Erin Swing is "The Gluten Free Chemist & Chef". Her mission is to improve peoples lives through smart development of kick-ass gluten free food. She teaches and shows others how to make "gluten-free food without compromise!"
Diagnosed with Celiac Disease in 2003 and a mild milk allergy in 2008, she faced initially struggles. She set a new mission to improve the GF landscape that was populated with poor quality GF foods, difficult to follow cookbooks with poor results, and general lack of GF awareness.
She left her job as a Chemist after 14 years at the world's largest consumer product company to pursue her culinary dreams. Her scientific areas of expertise are organic chemistry, material science, hydrocolloids, emulsions, film formation, and of course formulation design of experiments. After graduating with her chemistry degree, she was initiated into the food development realm followed by formulating color cosmetics.Then she focus on scale-up pharmaceutical synthetic chemistry and on-ward to the world of laundry detergents. Erin gathered the skills by working the whole process of R&D: product ideation; upstream research; formulation; consumer research; scale-up; and manufacturing.

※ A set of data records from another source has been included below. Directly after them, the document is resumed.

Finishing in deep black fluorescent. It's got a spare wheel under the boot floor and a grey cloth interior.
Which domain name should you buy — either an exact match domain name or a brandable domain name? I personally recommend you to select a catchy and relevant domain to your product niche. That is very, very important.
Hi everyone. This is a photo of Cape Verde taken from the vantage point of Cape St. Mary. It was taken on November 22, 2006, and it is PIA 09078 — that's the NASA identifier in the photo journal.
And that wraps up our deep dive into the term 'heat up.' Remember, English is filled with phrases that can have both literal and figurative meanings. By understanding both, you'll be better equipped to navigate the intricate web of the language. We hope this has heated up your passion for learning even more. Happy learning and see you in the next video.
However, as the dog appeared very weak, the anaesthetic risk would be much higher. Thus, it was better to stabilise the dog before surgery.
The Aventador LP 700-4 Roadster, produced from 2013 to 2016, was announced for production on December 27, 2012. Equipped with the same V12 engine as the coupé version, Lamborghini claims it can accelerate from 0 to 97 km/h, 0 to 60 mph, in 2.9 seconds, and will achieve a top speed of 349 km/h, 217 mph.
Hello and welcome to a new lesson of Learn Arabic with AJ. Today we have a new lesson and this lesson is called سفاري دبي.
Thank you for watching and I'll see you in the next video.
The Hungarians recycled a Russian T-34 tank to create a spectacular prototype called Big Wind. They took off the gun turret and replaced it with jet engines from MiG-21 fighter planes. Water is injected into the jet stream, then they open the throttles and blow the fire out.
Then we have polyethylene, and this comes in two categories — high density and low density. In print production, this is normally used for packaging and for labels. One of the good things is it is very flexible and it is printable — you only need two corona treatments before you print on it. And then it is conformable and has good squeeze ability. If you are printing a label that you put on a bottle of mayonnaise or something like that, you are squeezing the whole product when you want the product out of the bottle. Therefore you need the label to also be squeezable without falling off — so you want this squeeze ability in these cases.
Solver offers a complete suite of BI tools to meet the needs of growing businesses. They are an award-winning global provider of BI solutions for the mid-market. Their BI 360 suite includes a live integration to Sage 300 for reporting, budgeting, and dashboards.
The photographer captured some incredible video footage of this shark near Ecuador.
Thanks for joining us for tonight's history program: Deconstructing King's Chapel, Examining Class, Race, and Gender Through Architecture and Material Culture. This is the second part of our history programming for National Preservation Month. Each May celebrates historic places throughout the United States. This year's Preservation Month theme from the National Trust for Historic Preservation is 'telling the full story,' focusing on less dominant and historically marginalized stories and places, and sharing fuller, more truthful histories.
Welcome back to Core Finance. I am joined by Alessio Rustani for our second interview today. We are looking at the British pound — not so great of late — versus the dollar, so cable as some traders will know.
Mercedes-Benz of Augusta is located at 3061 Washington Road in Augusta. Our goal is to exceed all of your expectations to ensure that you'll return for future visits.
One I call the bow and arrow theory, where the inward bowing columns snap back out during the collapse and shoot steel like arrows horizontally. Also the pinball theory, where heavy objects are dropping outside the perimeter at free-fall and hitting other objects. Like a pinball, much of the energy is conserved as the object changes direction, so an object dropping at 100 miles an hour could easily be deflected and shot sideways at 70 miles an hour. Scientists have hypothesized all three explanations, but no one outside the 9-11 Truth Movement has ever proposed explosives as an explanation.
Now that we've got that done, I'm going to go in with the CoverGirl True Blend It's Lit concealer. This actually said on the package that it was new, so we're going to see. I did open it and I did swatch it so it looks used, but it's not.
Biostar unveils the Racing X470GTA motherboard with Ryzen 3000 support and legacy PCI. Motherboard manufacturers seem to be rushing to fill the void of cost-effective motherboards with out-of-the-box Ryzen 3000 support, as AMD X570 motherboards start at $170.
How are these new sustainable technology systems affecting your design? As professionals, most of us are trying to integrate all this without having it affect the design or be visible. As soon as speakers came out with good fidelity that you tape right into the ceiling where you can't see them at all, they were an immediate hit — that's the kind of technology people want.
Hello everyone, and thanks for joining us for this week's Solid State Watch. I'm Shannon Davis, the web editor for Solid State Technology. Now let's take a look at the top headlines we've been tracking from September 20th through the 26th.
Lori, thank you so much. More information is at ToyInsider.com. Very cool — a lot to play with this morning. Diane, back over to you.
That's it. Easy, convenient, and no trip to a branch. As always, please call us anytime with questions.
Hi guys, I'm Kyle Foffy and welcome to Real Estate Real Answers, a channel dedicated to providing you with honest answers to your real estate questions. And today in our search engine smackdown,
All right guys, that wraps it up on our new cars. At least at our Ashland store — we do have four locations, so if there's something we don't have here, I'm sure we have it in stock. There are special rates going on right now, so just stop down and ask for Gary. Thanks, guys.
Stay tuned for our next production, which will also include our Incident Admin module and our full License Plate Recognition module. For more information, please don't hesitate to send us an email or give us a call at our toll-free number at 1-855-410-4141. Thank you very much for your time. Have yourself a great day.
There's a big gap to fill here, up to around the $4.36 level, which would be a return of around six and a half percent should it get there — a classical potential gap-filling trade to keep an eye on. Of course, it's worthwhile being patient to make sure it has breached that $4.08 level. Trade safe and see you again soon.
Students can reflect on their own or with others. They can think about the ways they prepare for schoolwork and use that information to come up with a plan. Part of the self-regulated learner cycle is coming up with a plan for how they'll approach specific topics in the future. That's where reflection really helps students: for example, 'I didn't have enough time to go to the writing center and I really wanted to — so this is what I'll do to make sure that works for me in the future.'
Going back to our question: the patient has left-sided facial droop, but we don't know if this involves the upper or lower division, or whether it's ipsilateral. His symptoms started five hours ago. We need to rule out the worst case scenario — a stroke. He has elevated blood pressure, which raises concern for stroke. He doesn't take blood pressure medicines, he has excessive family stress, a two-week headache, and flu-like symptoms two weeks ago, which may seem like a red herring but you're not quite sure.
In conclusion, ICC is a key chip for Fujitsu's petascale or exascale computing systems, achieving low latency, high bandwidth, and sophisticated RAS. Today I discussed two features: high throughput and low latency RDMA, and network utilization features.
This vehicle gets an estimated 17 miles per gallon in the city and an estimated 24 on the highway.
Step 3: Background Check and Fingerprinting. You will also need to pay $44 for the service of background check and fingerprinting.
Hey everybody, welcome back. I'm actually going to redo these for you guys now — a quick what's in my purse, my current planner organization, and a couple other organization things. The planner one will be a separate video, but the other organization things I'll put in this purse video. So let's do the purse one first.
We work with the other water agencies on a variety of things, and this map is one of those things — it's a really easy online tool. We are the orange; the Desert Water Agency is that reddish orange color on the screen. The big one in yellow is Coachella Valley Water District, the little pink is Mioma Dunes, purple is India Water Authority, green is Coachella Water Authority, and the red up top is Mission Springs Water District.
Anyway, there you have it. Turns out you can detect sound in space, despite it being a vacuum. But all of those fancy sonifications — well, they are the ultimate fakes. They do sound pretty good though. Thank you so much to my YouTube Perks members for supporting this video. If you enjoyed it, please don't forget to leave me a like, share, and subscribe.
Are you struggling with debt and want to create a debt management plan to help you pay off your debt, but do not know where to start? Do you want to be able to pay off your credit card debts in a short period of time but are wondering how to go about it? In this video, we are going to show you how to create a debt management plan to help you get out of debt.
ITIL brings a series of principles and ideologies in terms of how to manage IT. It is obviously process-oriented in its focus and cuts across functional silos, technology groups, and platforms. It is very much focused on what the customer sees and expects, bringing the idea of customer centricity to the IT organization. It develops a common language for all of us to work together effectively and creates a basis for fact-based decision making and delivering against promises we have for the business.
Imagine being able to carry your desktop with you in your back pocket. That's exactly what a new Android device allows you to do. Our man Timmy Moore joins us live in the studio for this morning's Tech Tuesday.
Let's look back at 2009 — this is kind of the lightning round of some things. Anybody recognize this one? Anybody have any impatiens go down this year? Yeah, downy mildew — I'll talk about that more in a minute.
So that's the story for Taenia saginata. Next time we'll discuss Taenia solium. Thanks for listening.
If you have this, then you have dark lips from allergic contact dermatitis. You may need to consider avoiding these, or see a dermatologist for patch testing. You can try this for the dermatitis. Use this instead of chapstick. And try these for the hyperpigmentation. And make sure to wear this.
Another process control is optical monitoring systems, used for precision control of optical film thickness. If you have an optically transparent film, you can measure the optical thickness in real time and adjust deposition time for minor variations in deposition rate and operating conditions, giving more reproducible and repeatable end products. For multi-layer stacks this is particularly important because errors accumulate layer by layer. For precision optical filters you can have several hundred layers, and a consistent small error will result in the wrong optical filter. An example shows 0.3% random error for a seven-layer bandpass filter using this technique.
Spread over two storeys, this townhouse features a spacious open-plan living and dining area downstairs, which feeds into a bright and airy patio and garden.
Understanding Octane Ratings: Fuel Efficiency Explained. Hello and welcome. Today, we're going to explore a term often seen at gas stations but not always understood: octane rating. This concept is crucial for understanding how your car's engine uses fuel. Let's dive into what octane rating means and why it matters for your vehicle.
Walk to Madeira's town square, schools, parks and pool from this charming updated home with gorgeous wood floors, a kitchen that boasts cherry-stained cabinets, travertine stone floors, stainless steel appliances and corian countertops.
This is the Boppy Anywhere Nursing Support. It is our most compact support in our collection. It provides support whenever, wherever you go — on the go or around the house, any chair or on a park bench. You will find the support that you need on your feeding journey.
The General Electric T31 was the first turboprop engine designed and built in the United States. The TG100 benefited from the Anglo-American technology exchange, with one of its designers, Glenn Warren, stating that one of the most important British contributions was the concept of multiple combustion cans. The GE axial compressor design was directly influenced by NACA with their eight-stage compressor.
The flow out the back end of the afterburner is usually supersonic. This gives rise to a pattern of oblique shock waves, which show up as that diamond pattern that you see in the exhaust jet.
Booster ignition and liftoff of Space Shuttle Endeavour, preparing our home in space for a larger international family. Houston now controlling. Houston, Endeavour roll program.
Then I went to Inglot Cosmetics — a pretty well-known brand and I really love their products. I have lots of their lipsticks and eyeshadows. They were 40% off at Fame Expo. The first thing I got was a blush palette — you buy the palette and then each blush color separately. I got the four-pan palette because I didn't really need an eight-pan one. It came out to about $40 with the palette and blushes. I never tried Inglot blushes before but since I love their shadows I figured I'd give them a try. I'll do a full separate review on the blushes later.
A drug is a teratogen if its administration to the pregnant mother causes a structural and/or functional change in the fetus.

Upon writing a cookbook proposal, she realized she needed professional culinary training. She left Procter & Gamble to attend Culinary School full-time and adapt her whole program to be gluten-free. After graduating from the Midwest Culinary Institute in November 2008, 2010 embarks new adventures for Erin in investigating GF baking formulation at Ferran Adria's R&D facility, Alicia Fundacio, outside of Barcelona. Three months of intensive work with the Alicia staff yielded basic GF material understanding, an incredible GF European style bread, and a fine GF puff pastry. Now Erin is ready, with her company, to offer her services as a leading global expert in GF formulation and understanding.